Although the Sport GT is 100 hp shy of the BMW M5, this 4,400-pound sedan is no slug. Blasting through its gears is well a blast. Maserati says zero to 60 mph takes 5.1 seconds and the sedan can reach 171 mph. The last M5 we tested hit 60 mph in 4.8 seconds.
Aside from the larger wheels and tires, the Sport GT uses the same adjustable four-wheel independent suspension as other Quattroportes. In "Normal," its ride is firm but comfortable, just as it should be in a high-end high-performance sedan. In "Sport" mode, which is activated by a button on the dashboard, it tightens up noticeably, but remains more compliant than the suspension of an M5. High-speed stability is excellent in either setting.
So is the handling. Steering is properly weighted and quick, body roll is minimal, and the car's balance is as good as it gets. Maserati mounts the engine behind the front-axle centerline and places the transmission in the rear of the car to achieve a 47/53 weight distribution. This results in a car eager to change direction. On a mountain road north of Modena, the Sport GT feels half its size.

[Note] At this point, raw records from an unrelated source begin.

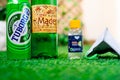 Alcohol liquor wine beer placed on grass at the entrance of house with mask and sanitizer showing home delivery of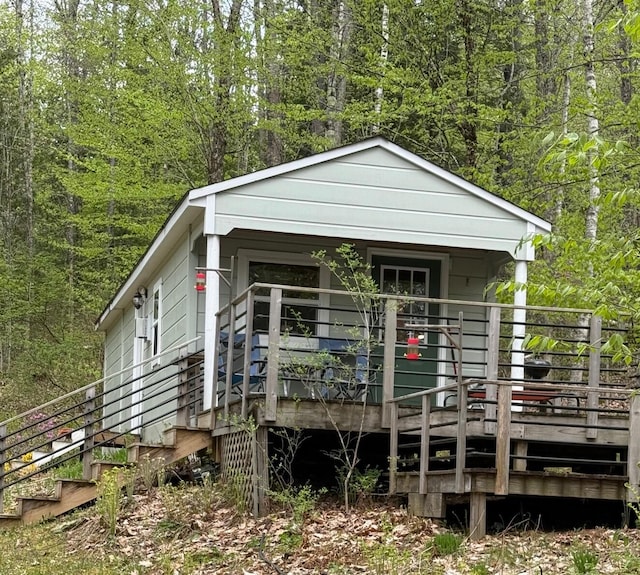 23 Woodland Rd, Winthrop, ME 04364 - view of front of property featuring a view of trees and a wooden deck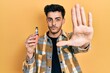 © Krakenimages.com - Young hispanic man holding electronic cigarette with open hand doing stop sign with serious and confident expression, defense gesture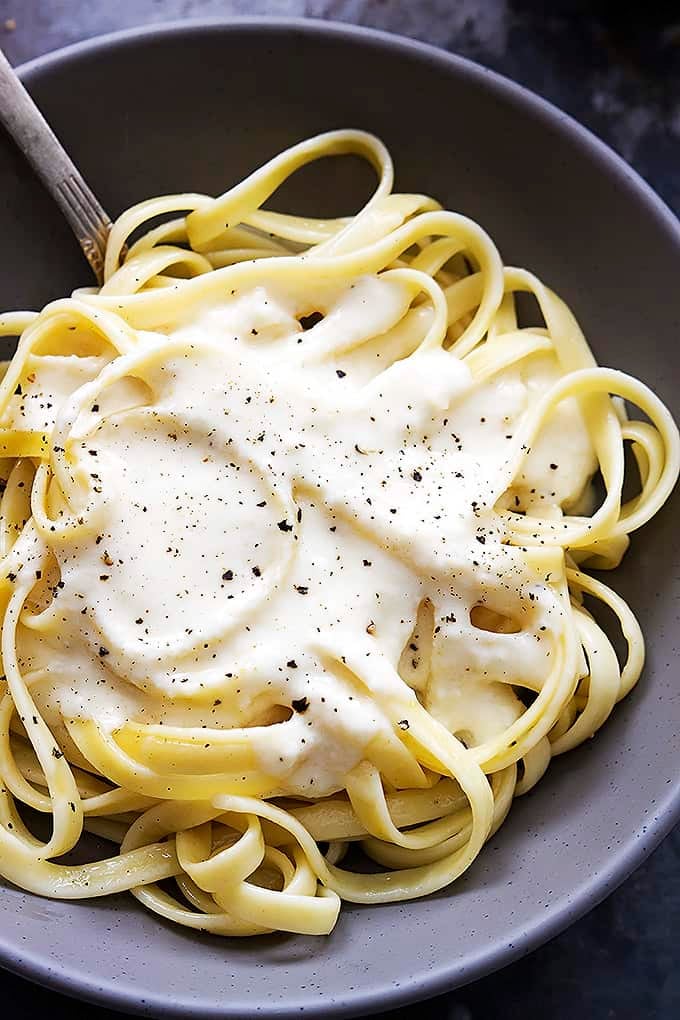 top view of fettucine noodles with Greek yogurt alfredo sauce on top and a fork in a bowl.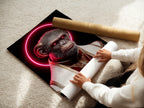 A woman rolls fine art poster paper featuring the 'Pope Monkey' design. The poster showcases surreal religious artwork. It is perfect for modern home decor. The neon halo canvas print is ready for framing. This offers a versatile wall art option.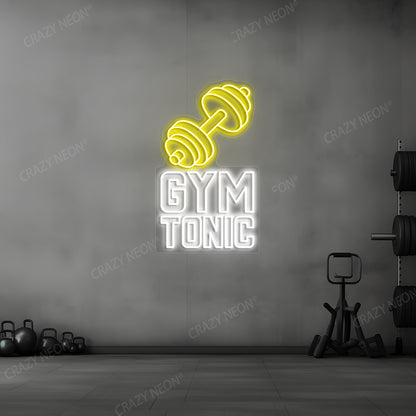 yellow and white gym tonic barbell neon sign mounted on a wall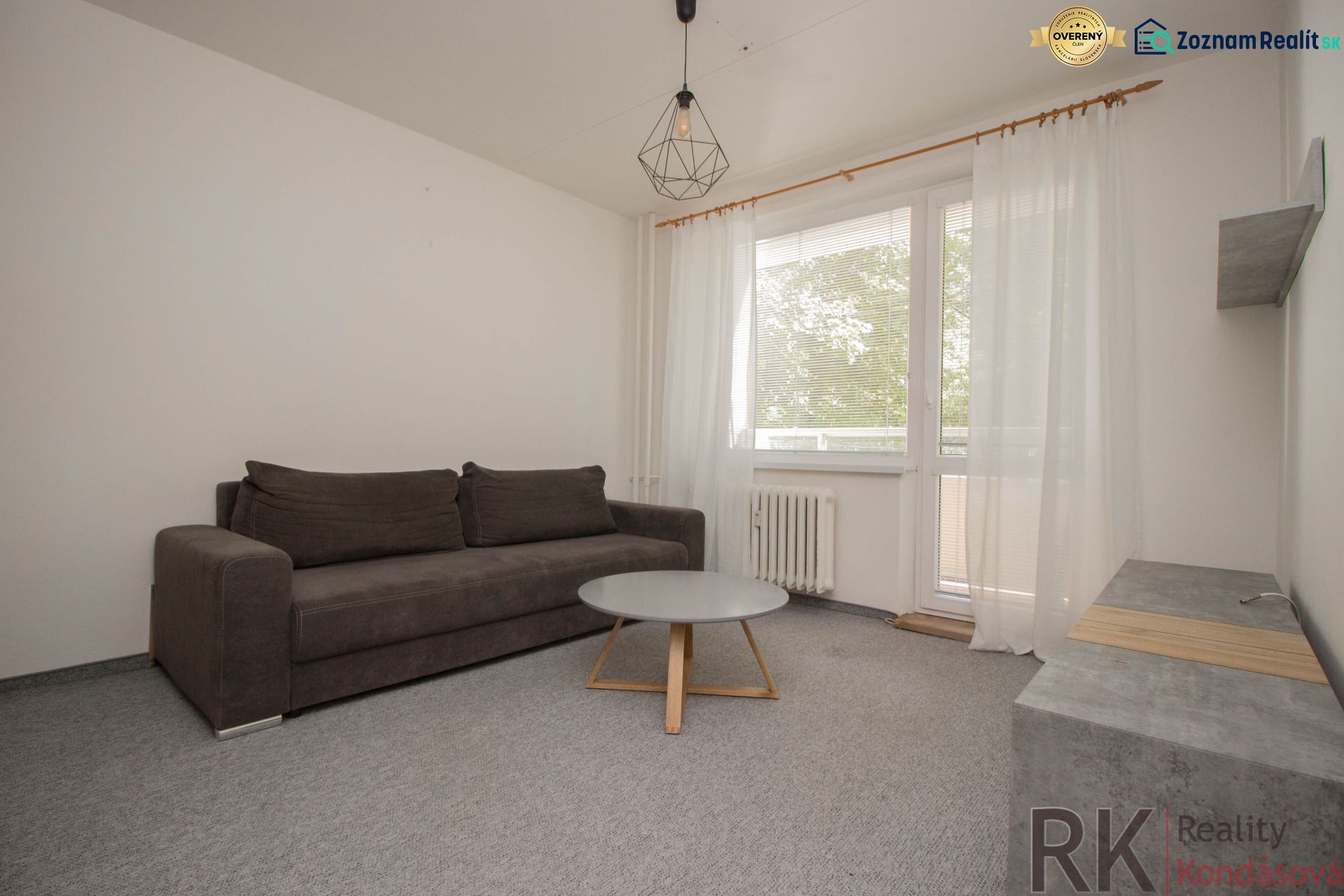 Wohnzimmer einer Einzimmerwohnung mit grauem Sofa, Tisch und Vorhängen.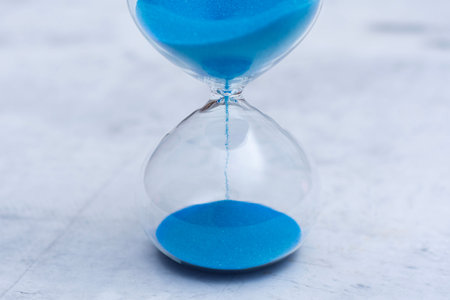 Clear glass hourglass with vivid blue sand on a light marble surface with a clean white background. Concept passing time, deadlines, urgency and limited resources in business and finance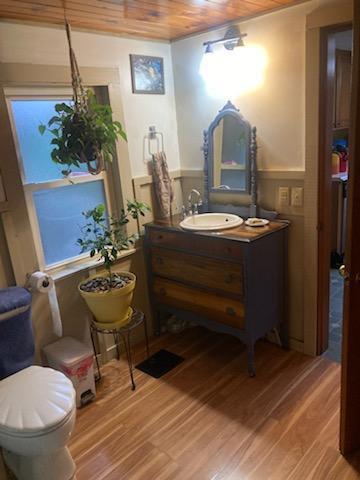 bathroom featuring hardwood / wood-style floors, vanity, and wooden ceiling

Drilled brake rotors and braided steel brake lines are also unique to the Sport GT. Although squeaky, they work wonderfully, with awesome fade resistance and exceptional pedal feel.
A sound investment
Maserati says Sport GT buyers want to hear the V8's wail, so it has fitted the model with a unique exhaust system that makes the engine more loudmouthed at high engine speeds. The difference is noticeable, and not only during drag races. At a buck forty, the V8's song can still be heard, even over the increasing wind noise around the sedan's sizable side mirrors. At this speed in a non-Sport Quattroporte, the wind noise drowned out the engine's note.
Although that car still felt good, hearing the mechanical cry of the Sport's Ferrari V8 adds a whole new dimension of enjoyment to breaking several Italian traffic laws at the same time.
And if you don't understand that, well then, maybe the 2006 Maserati Quattroporte Sport GT just isn't for you. Surely our mortgage broker buddy gets it.